ACTION ITEM. Since the listing below shows pictures, leave them out and write out exactly the lines from the line with "20170608PR02-37.JPG" to the line with "Saumya Jain - Consultant", both included, and no others.

DATA FOR THE TASK.
══════════════════════════════
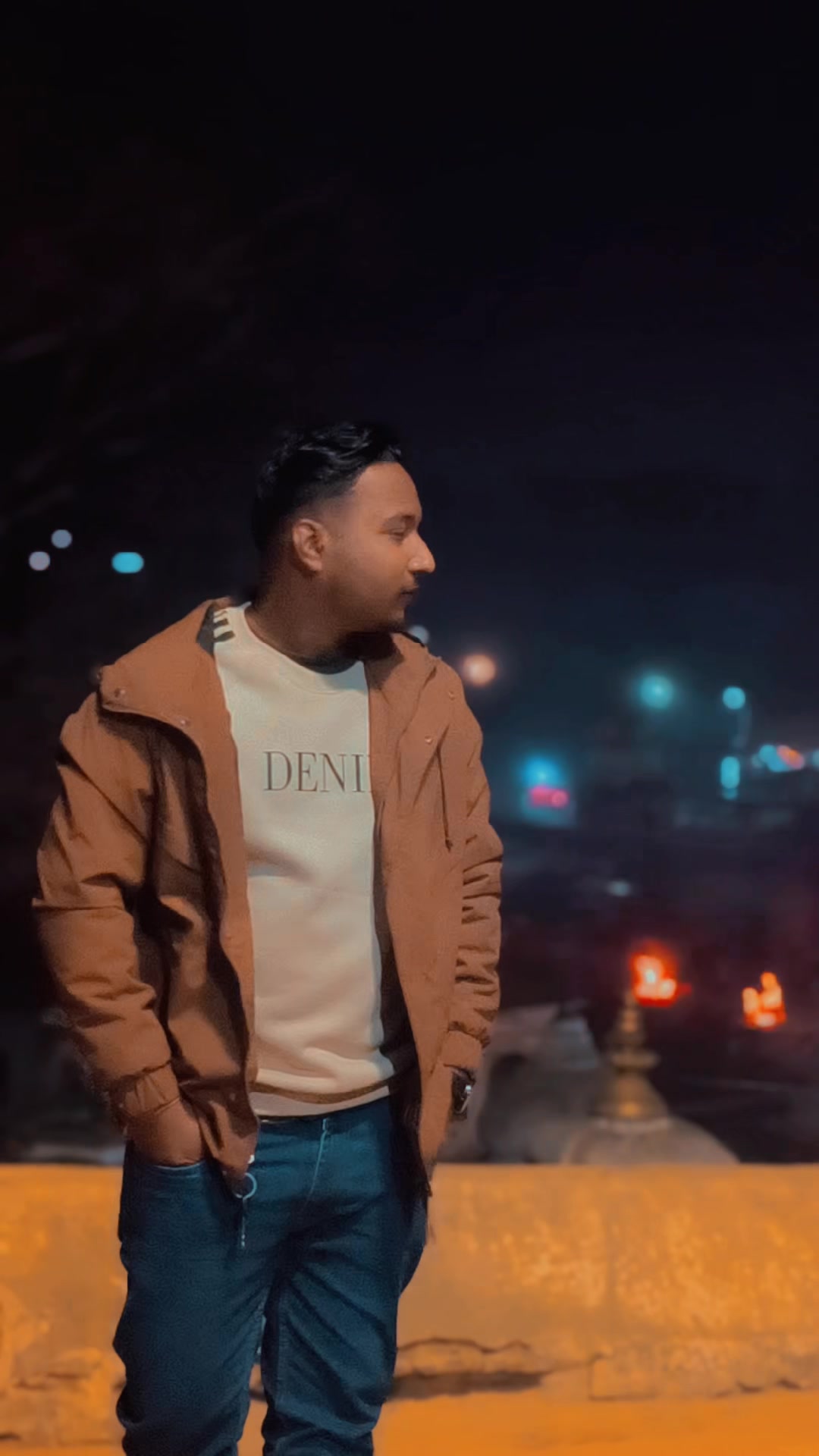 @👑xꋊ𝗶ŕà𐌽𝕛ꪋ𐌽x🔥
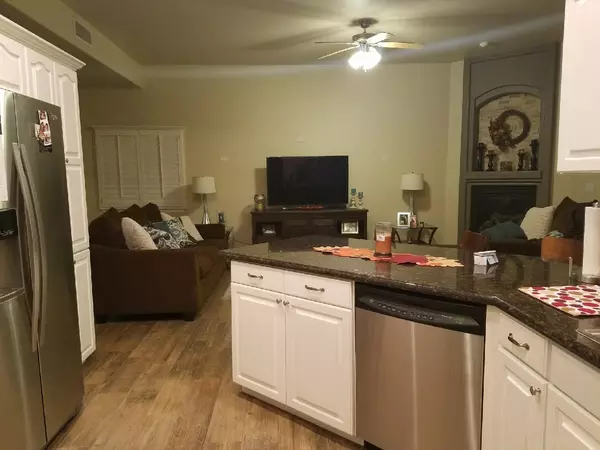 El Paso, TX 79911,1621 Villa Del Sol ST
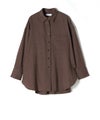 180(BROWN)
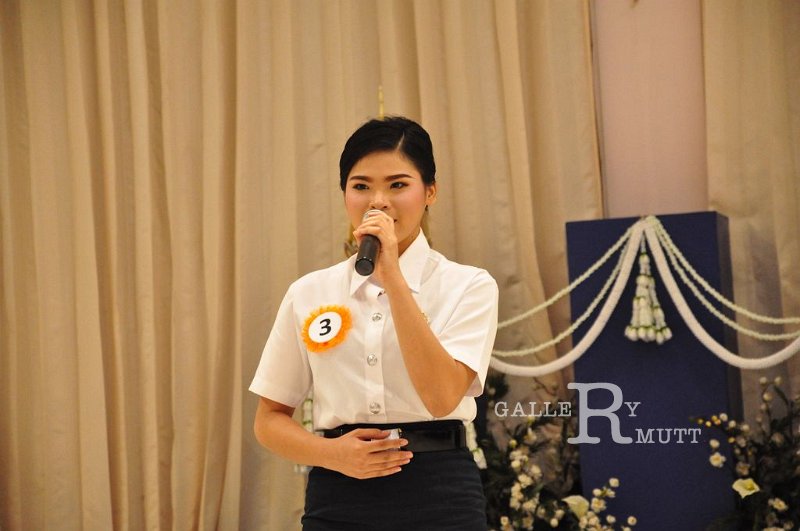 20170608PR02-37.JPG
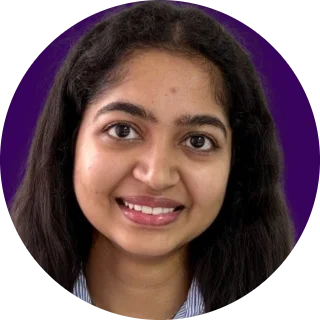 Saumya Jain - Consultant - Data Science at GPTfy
══════════════════════════════
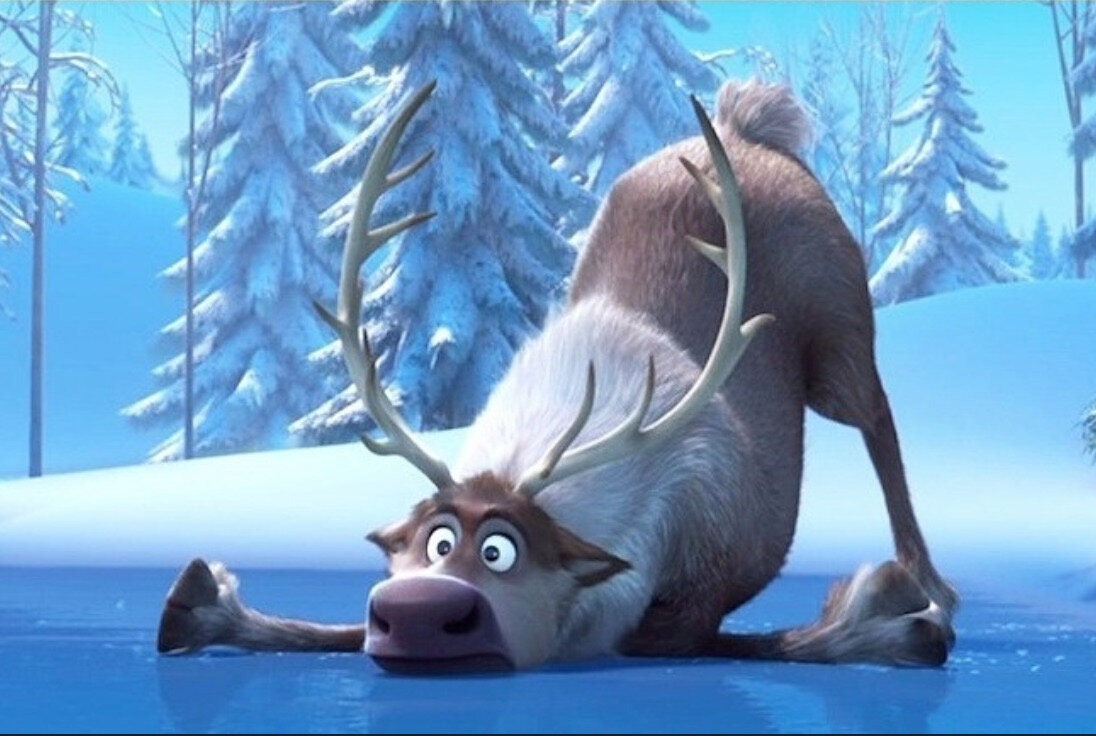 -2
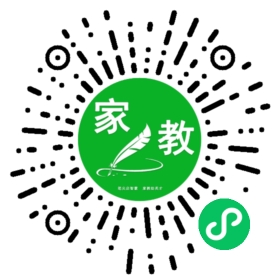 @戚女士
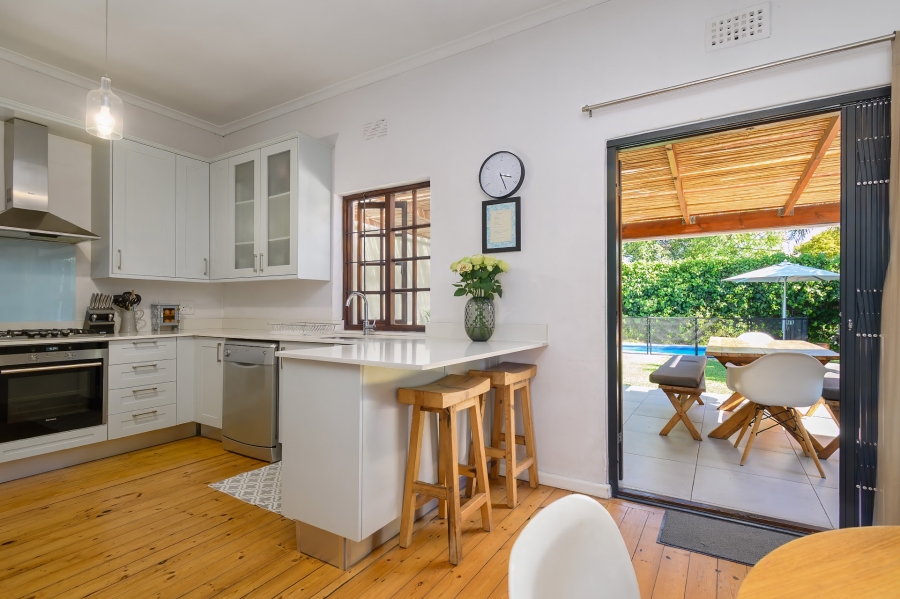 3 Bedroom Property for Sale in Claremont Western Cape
══════════════════════════════
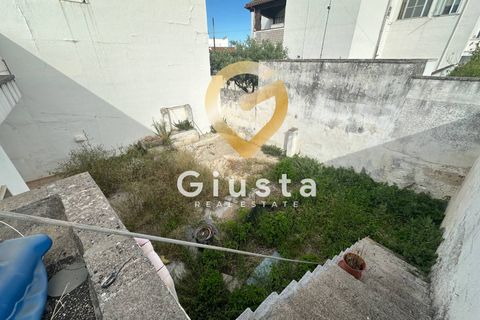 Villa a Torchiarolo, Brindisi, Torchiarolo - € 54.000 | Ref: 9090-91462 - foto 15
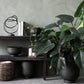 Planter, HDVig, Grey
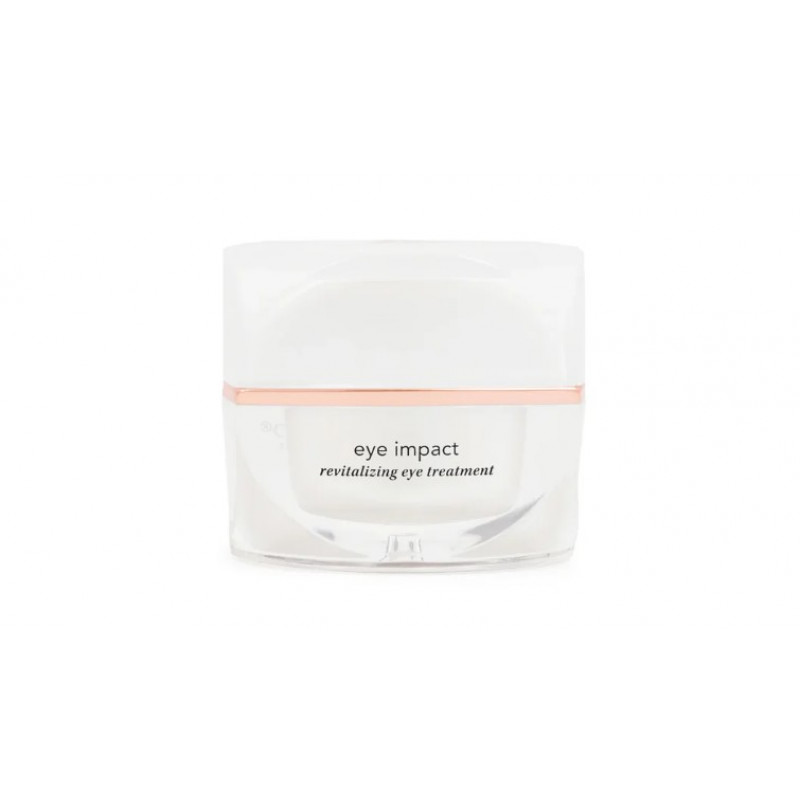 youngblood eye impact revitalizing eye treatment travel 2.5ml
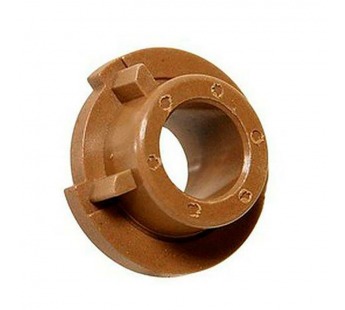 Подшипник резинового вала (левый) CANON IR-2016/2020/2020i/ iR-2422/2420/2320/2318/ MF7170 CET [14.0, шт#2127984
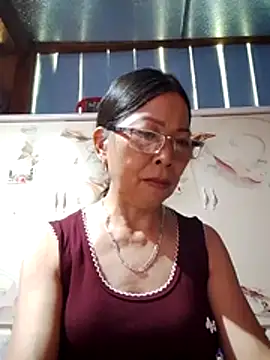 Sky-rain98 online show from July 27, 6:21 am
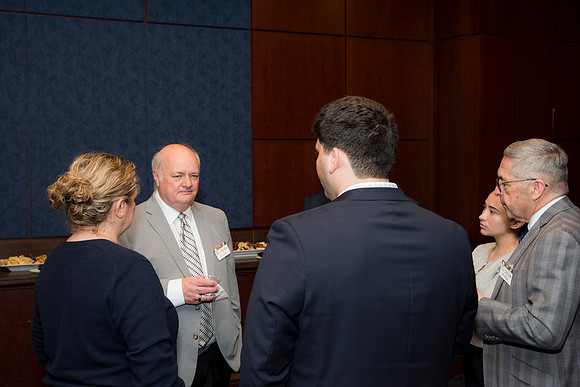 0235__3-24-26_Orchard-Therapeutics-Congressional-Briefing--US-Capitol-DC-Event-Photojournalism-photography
══════════════════════════════
RESULT BELOW.
 20170608PR02-37.JPG
 Saumya Jain - Consultant - Data Science at GPTfy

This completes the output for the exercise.